DiscoverableTimeout = 0

# How long to stay in pairable mode before going back to non-discoverable

# The value is in seconds. Default is 0.

# 0 = disable timer, i.e. stay pairable forever

PairableTimeout = 0

# Use some other page timeout than the controller default one

# which is 16384 (10 seconds).

PageTimeout = 8192

# Automatic connection for bonded devices driven by platform/user events.

# If a platform plugin uses this mechanism, automatic connections will be

# enabled during the interval defined below. Initially, this feature

# intends to be used to establish connections to ATT channels.

AutoConnectTimeout = 60

# What value should be assumed for the adapter Powered property when

# SetProperty(Powered, ...) hasn't been called yet. Defaults to true

InitiallyPowered = true

# Remember the previously stored Powered state when initializing adapters

RememberPowered = true

# Use vendor id source (assigner), vendor, product and version information for

# DID profile support.
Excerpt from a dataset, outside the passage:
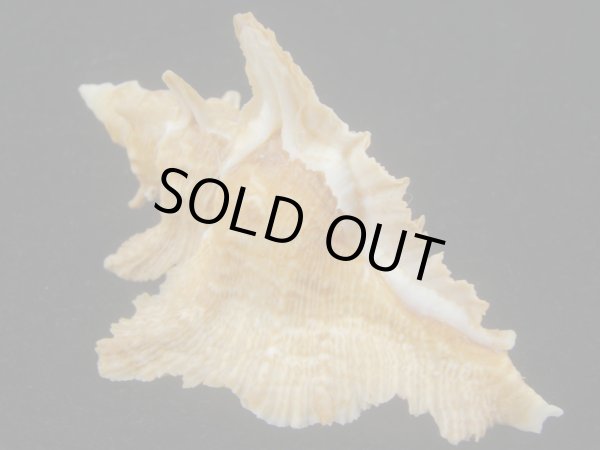 画像2: サギノハヨウラク(Pterynotus acanthopterus) ツートーン (2)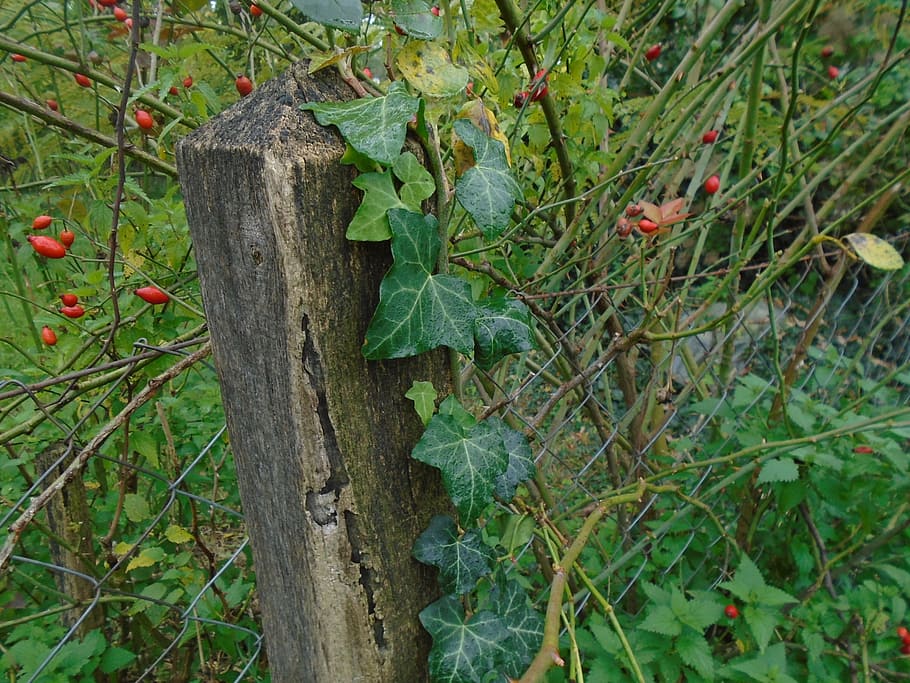 fence, wood, wooden, wire fence, amber, rosehips, region, village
The values are separated by ":" and assigner, VID, PID

# and version.

# Possible vendor id source values: bluetooth, usb (defaults to usb)

#DeviceID = bluetooth:1234:5678:abcd

# Do reverse service discovery for previously unknown devices that connect to

# us. This option is really only needed for qualification since the BITE tester

# doesn't like us doing reverse SDP for some test cases (though there could in

# theory be other useful purposes for this too). Defaults to true.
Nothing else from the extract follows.